(What the task requires):
Your output must be the lines below from the line containing "Louis Vuitton LV" to the line containing "Dames Knee-High Platform Stiefels 7", both lines included, reproduced exactly and without pictures.

(Study material):
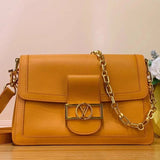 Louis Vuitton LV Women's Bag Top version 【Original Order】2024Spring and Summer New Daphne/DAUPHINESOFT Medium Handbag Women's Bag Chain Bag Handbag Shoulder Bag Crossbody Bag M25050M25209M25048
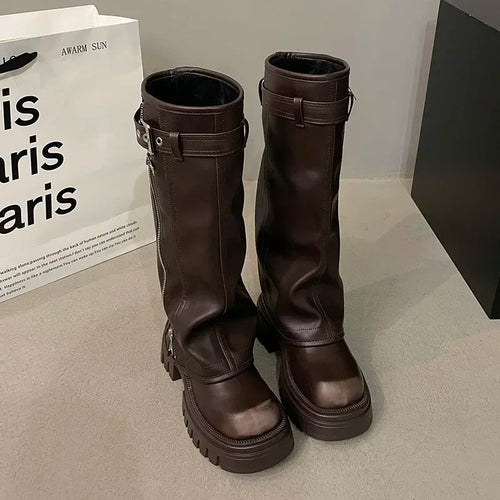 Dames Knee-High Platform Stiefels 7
...
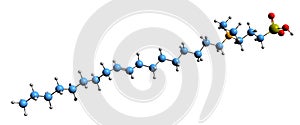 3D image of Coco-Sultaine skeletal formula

(Solution below):
 Louis Vuitton LV Women's Bag Top version 【Original Order】2024Spring and Summer New Daphne/DAUPHINESOFT Medium Handbag Women's Bag Chain Bag Handbag Shoulder Bag Crossbody Bag M25050M25209M25048
 Dames Knee-High Platform Stiefels 7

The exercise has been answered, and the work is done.